Question

A solenoid of length $50~\mathrm{cm}$ and a radius of cross-section $1\mathrm{cm}$ has 1000 turns of wire wound over it. If the current carried is 5A, the magnetic field on its axis, near the centre of the solenoid is approximately (permeability of free space $\mu_{0} = 4\pi \times 10^{-7}\mathrm{T}\cdot \mathrm{m / A}$)

• A. $0.63\times 10^{-2}\mathrm{T}$
• B. $1.26\times 10^{-2}\mathrm{T}$
• C. $2.51\times 10^{-2}\mathrm{T}$
• D. $6.3\mathrm{T}$

Hint:

The magnetic field inside a solenoid is uniform and independent of the cross-sectional radius.

Answer 1

The Correct Option is B

To determine the magnetic field at the center of a solenoid, we use the formula for the magnetic field inside a solenoid:

\(B = \mu_{0} n I\)

where:

• \(B\) is the magnetic field at the center of the solenoid.
• \(\mu_{0} = 4\pi \times 10^{-7} \, \mathrm{T \, m/A}\) is the permeability of free space.
• \(n\) is the number of turns per unit length of the solenoid.
• \(I\) is the current flowing through the solenoid.

Given:

• The length of the solenoid \(L = 50 \, \text{cm} = 0.5 \, \text{m}\)
• The total number of turns \(N = 1000\)
• Current \(I = 5 \, \text{A}\)

First, we calculate the number of turns per unit length \(n\):

\(n = \frac{N}{L} = \frac{1000}{0.5} = 2000 \, \text{turns/m}\)

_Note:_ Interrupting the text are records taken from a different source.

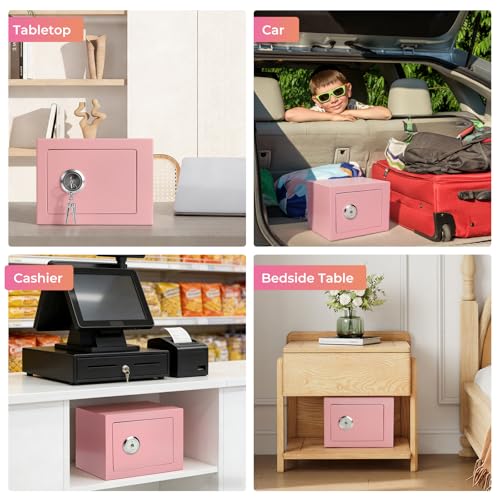 Small Safe Box with Lock, Heavy Duty Steel Lock Box for Home Cash Money Jewelry, Mini Security Safe for Documents and Valuables, Small Lock Box 9.06"x6.69"x6.69",Pink - color: Pink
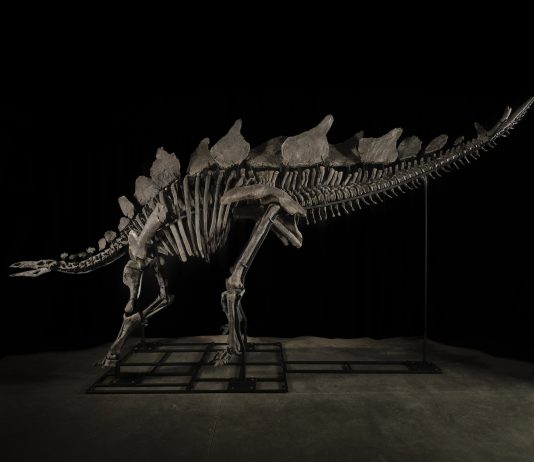 Sotheby’s, all’asta uno Stegosauro stimato fino a $ 6 milioni stegosauro asta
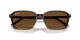 Ray-Ban Raimond RB 2231 902/57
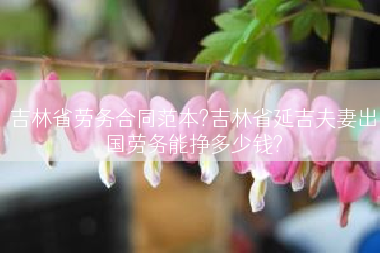 吉林省劳务合同范本?吉林省延吉夫妻出国劳务能挣多少钱?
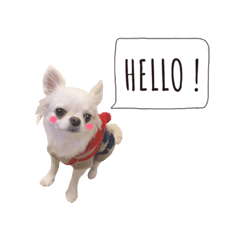 [LINEスタンプ] しょこら日和 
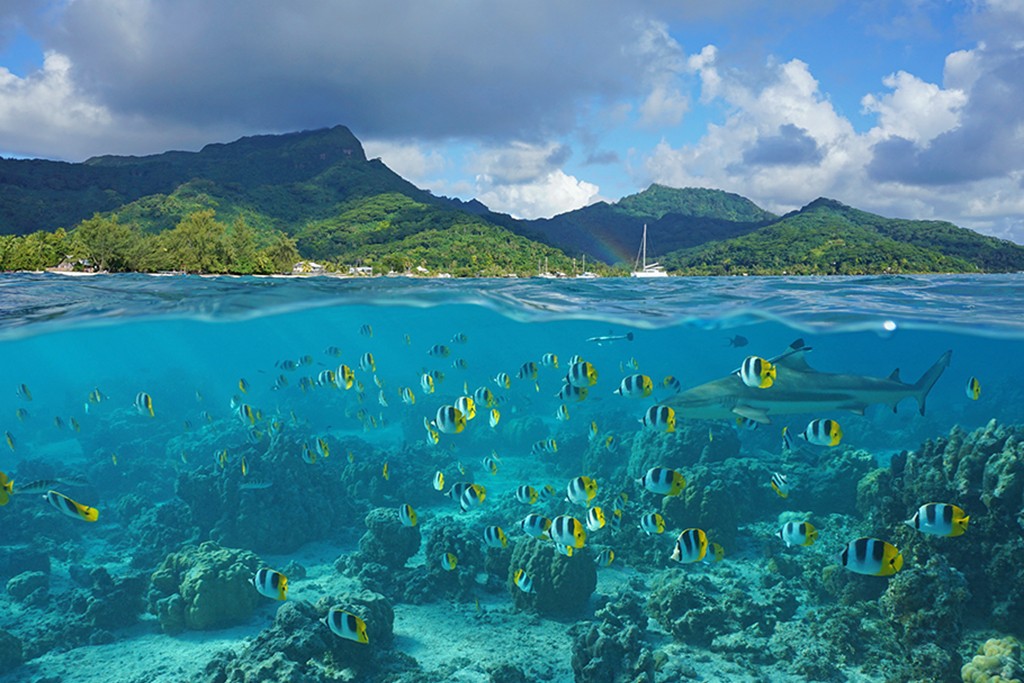 French Polynesia is an extraordinary place to sail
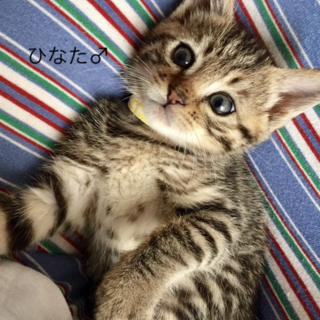 お膝大好き甘えん坊 ひなた君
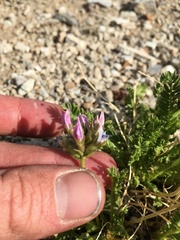 Oxytropis borealis viscida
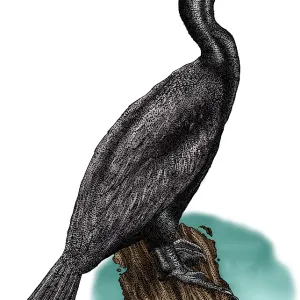 Double Crested Cormorant Print, Phalacrocorax auritus Double Crested Cormorant Print, Phalacrocorax auritus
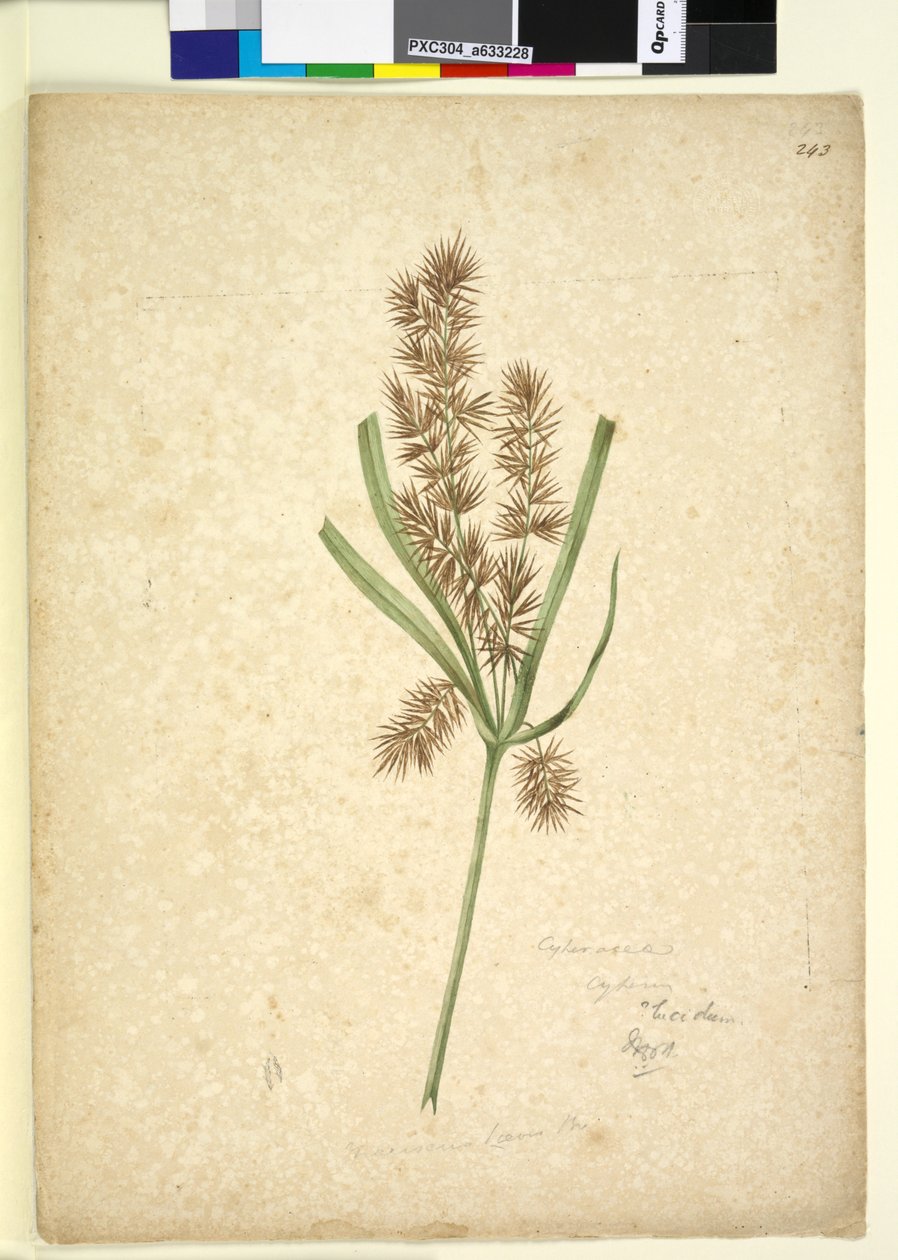 Sida 243. Mariscus, ca 1803-06 (wc, penna, bläck och penna) av John William Lewin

Now, substitute these values into the formula for the magnetic field:

\(B = \mu_{0} n I = 4\pi \times 10^{-7} \times 2000 \times 5\)

Calculate \(B\):

\(B = 4\pi \times 10^{-7} \times 10000 = 4\pi \times 10^{-3} \, \mathrm{T}\)

Using the approximation \(\pi \approx 3.14\):

\(B = 4 \times 3.14 \times 10^{-3} \approx 12.56 \times 10^{-3} \, \mathrm{T}\)

\(B = 1.26 \times 10^{-2} \, \mathrm{T}\)

Therefore, the magnetic field on the axis near the center of the solenoid is approximately \(1.26\times 10^{-2} \mathrm{T}\).

The correct answer is: 1.26 × 10^-2 T